LA VIDA Y MUERTE DE MARINA ABRAMOVIC: LA FIESTA DEL DOLOR Y LA CONFUSIÓN

Dolor, tristeza, rabia pero también desconcierto, sarcasmo y dolor, otra vez dolor. La muerte asoma por todos lados, desde el principio hasta el final. Pero no es la muerte lo más trágico de esta enumeración ni tampoco-aunque parezca imposible- lo más seguro. Al menos, no la muerte como la puede concebir cualquier ser humano.  Pero Marina Abramovic (Belgrado, Yugoslavia; 1946) no es cualquier ser humano y Robert Wilson no es un director como los demás. Por eso  ‘La vida y muerte de Marina Abramovic’ no es ni mucho menos una ópera al uso. No es para menos, jugando con esta bomba de relojería que son los sentimientos, Wilson no podía hacer otra cosa que no fuera lo que ha hecho.

Foto: El Economista

No hay que ser un experto para saber que no estamos ante una obra de teatro, ni ante un musical, tampoco ante una performance; es todo eso y más. Es la revisión de la ópera a través de los ojos del siglo XXI que mira atónito e incrédulo a los caducos y encorsetados géneros. Es, además de todo lo anterior, algo surrealista, teniendo en cuenta que se nos está contando la muerte de alguien que aún no la ha experimentado, al menos de forma física. También es engañosa, maniquea, por llamarla de alguna manera. Y es que seguro que la estricta educación de la madre de la protagonista la empujó al estado de angustia constante que se percibe en la obra, pero también es cierto que habría que ver a la chavalita con 16 años, en mitad de la serbia de las bombas y las purgas, colgada de una cuerda en pelota picada en casa.

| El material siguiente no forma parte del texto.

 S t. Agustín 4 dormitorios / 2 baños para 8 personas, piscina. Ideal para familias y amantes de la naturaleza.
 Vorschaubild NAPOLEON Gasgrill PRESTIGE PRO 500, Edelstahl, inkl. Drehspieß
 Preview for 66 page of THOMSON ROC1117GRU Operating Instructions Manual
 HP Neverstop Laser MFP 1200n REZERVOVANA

Pero, como iba diciendo, no es la muerte lo más trágico de este oratorio futurista, sino la existencia de ésta misma en vida. La intrusión de la muerte en el dolor o del dolor en la muerte, no se sabe muy bien, es el hilo conductor de la obra. Hilo conductor borroso para una obra que no lo es menos.

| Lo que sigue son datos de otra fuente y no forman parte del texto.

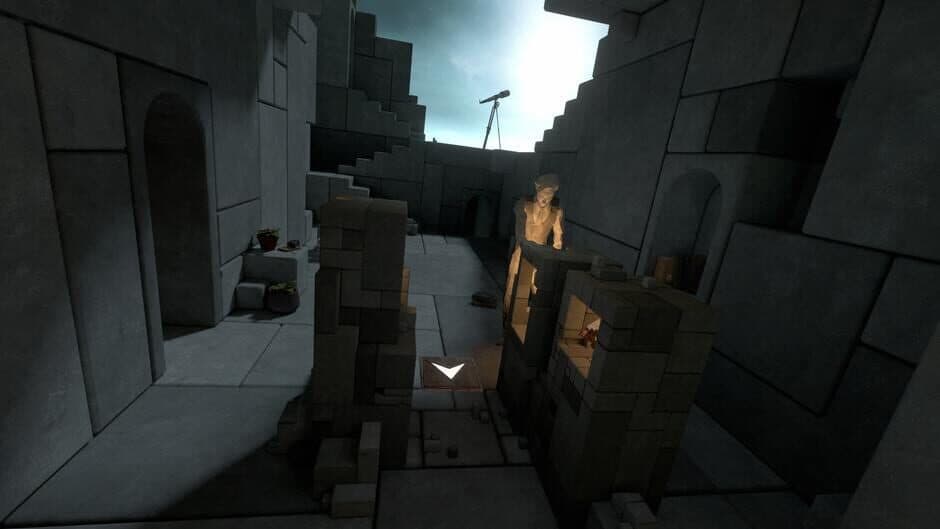 Infinite Inside screenshot 1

Foto: Willem Dafoe, La Vanguardia

Foto: Marina Abramovic y Antony Hegarty

Un pilar importante de este experimento son las canciones y también la voz de Antony Hegarty. El líder de Antony and The Jhonsons se encarga de la dirección musical junto a William Basinski y el resultado son sonidos de calidez desgarradora y sumamente lacrimosa. La modernidad de estos se contrapone a las folclóricas armonías procedentes de la tradición yugoslava que vienen de la mano del grupo Svetlana Spajic. La fuerza de Willem Dafoe, que ejerce de narrador, es insuperable. Con aires de David Bowie trasnochado lanza alguna  ironía al público que no hace otra cosa que subrayar el halo trágico de lo que se está contando. Todo ello, sucede mágicamente en el mismo escenario dónde hace algunos días actuaba Ricardo Muti y que pisará próximamente Plácido Domingo, El teatro Real de Madrid.

¡Ah! Y está el amor. El amor que se acaba transformando, si es que alguna vez dejó de serlo, en dolor.